Return the data below unaltered, but strip out the pictures.
:: DATA UNDER STUDY ::
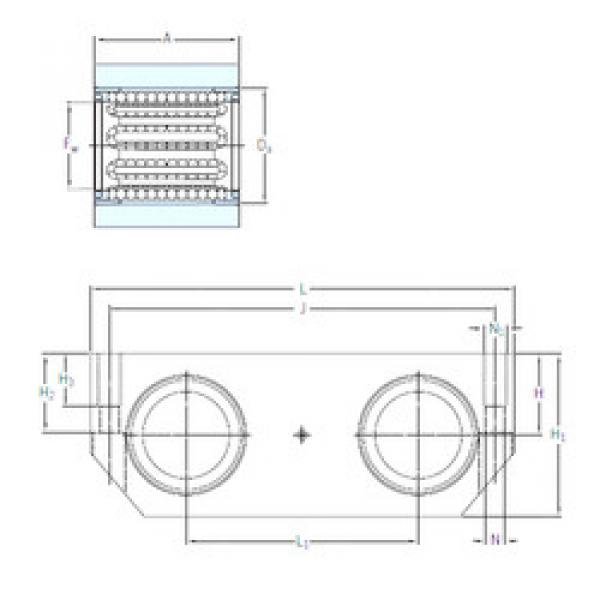 Bearing LTDR 12-2LS SKF #5 image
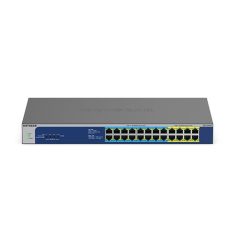 Switch Netgear GS524UP-100EUS 24p PoE 480W (PoE+: 8p PoE++: 16p) Unmanaged Gigabit
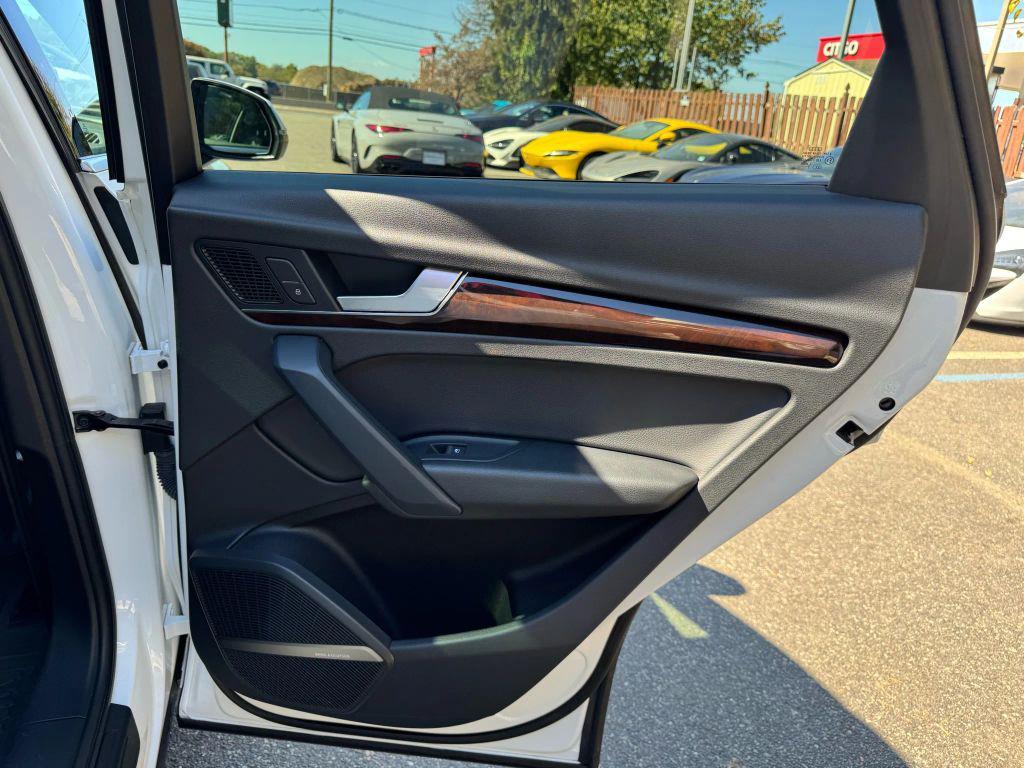 used 2018 Audi Q5 car, priced at $17,995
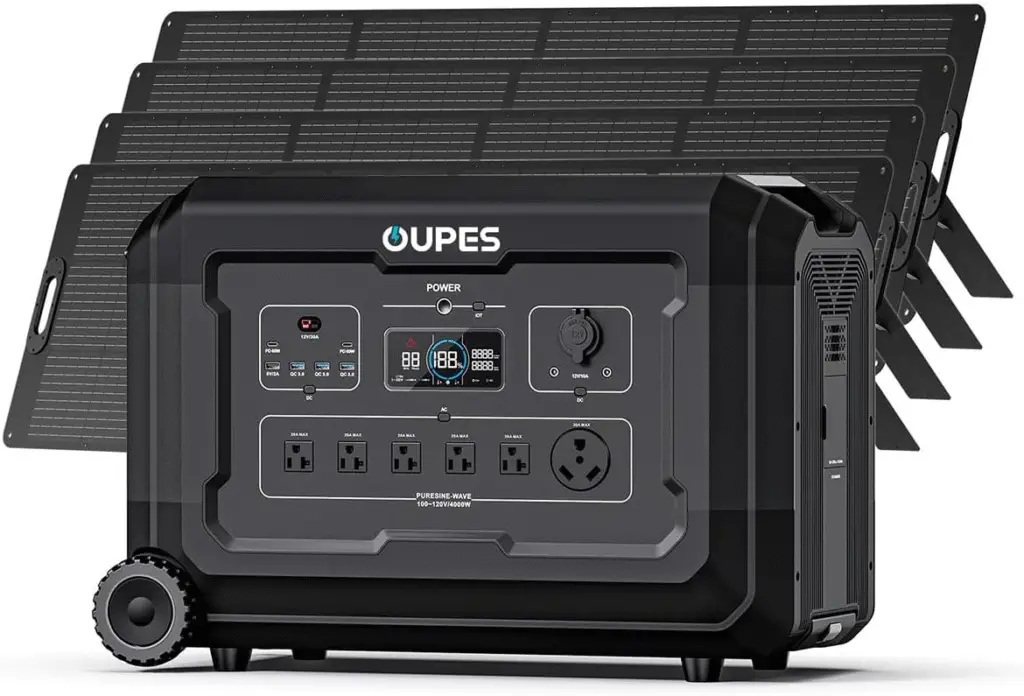 best solar generator for off-grid living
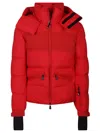 Moncler Ovenaud Toss Ski Jacket In Red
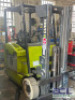 CLARK 2650 LB. ELECTRIC FORK LIFT. - 2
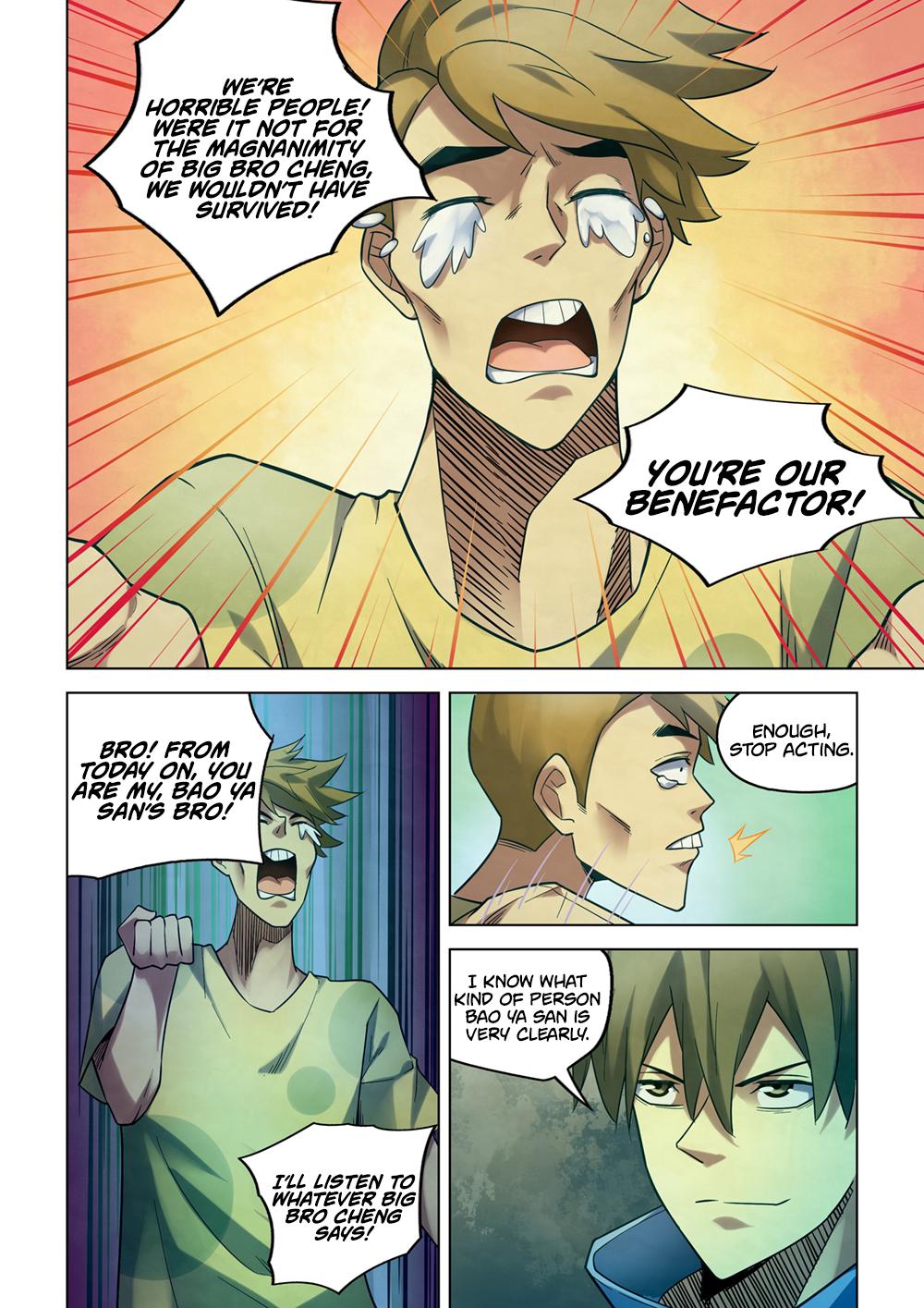 The Last Human Chap 266 - Next Chap 267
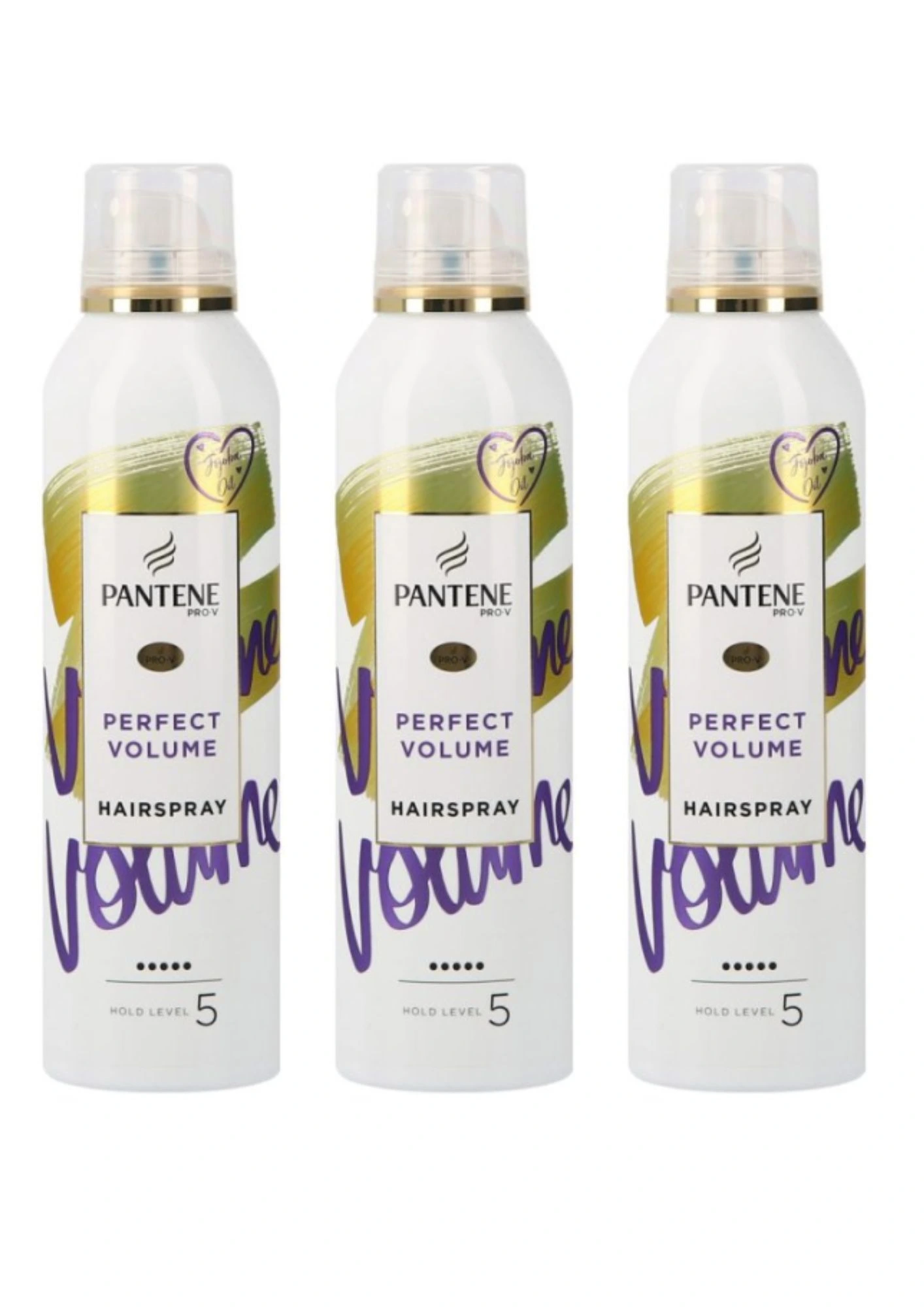 Pantene lak 3x250ml Perfect Volume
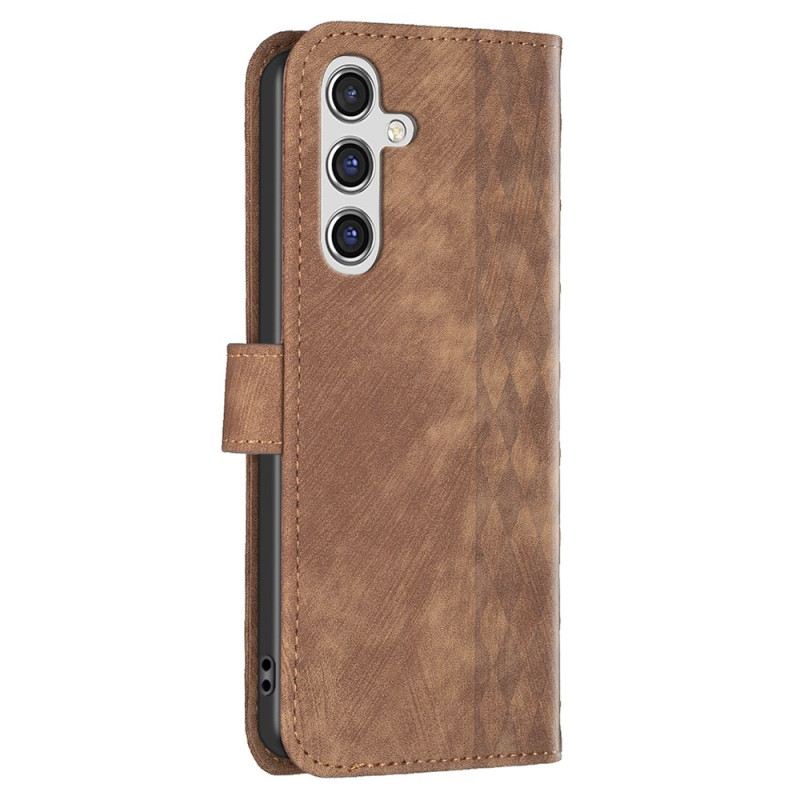 Fliptok Samsung Galaxy A15 Gyémánt Fríz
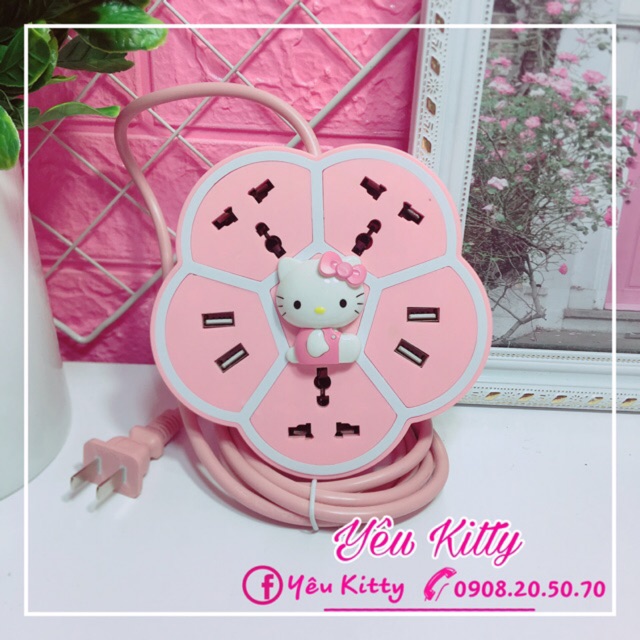 🎀Ổ CẮM ĐIỆN HELLO KITTY 🎀
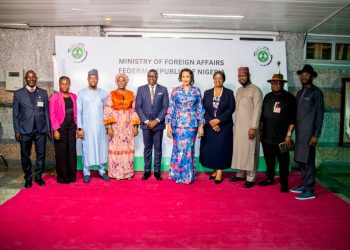 Minister Of Foreign Affairs RECEIVES MD/CEO Of NLNG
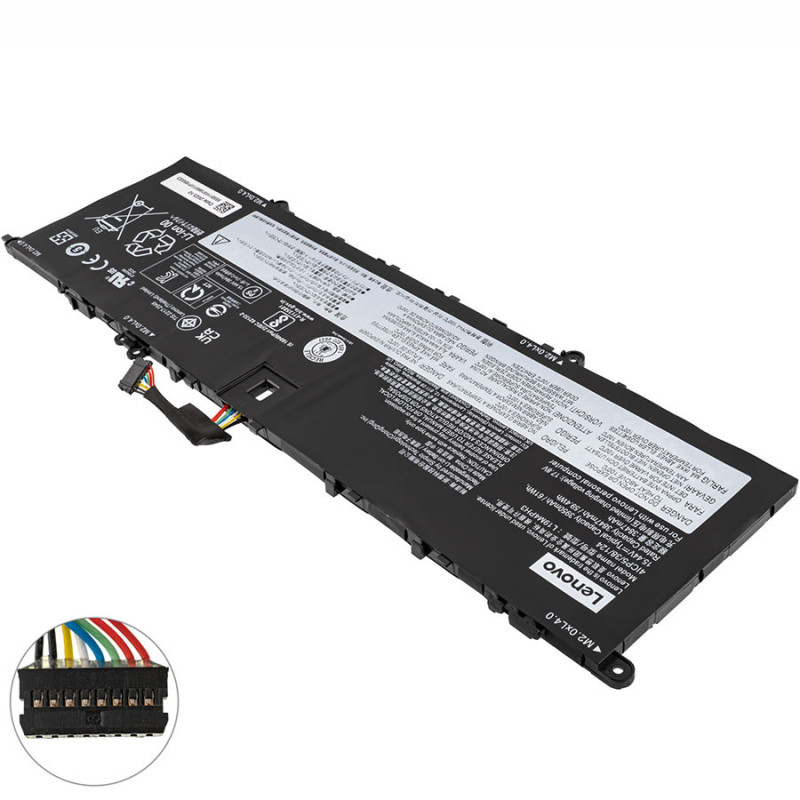 Батарея для ноутбука Lenovo L19M4PH3 Yoga Slim 7 Pro-14ITL5 Pro-14IHU5 15.44 v 3950 mAh L19D4PH3 L19C4PH3 5B10Z49514 5B10Z49519 Батарея для ноутбука Lenovo L19M4PH3 Yoga Slim 7 Pro-14ITL5 Pro-14IHU5 15.44 v 3950 mAh L19D4PH3 L19C4PH3 5B10Z49514 5B10Z49519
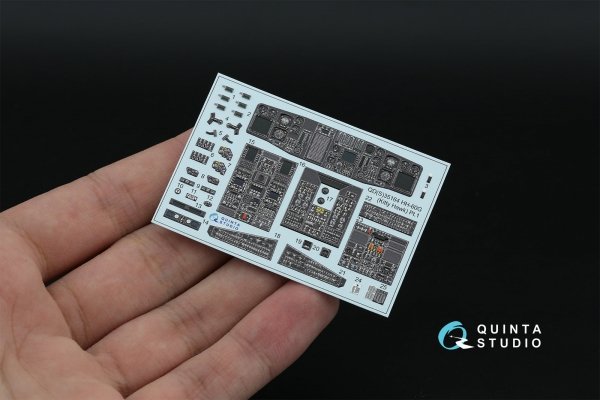 Quinta Studio QD35164 HH-60G Pave Hawk 3D-Printed &amp; coloured Interior on decal paper (Kitty Hawk) 1/35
:::
◆ ANSWER SECTION ◆
 Bearing LTDR 12-2LS SKF #5 image
 Switch Netgear GS524UP-100EUS 24p PoE 480W (PoE+: 8p PoE++: 16p) Unmanaged Gigabit
 used 2018 Audi Q5 car, priced at $17,995
 best solar generator for off-grid living
 Moncler Ovenaud Toss Ski Jacket In Red
 CLARK 2650 LB. ELECTRIC FORK LIFT. - 2
 The Last Human Chap 266 - Next Chap 267
 Pantene lak 3x250ml Perfect Volume
 Fliptok Samsung Galaxy A15 Gyémánt Fríz
 🎀Ổ CẮM ĐIỆN HELLO KITTY 🎀
 Minister Of Foreign Affairs RECEIVES MD/CEO Of NLNG
 Батарея для ноутбука Lenovo L19M4PH3 Yoga Slim 7 Pro-14ITL5 Pro-14IHU5 15.44 v 3950 mAh L19D4PH3 L19C4PH3 5B10Z49514 5B10Z49519 Батарея для ноутбука Lenovo L19M4PH3 Yoga Slim 7 Pro-14ITL5 Pro-14IHU5 15.44 v 3950 mAh L19D4PH3 L19C4PH3 5B10Z49514 5B10Z49519
 Quinta Studio QD35164 HH-60G Pave Hawk 3D-Printed &amp; coloured Interior on decal paper (Kitty Hawk) 1/35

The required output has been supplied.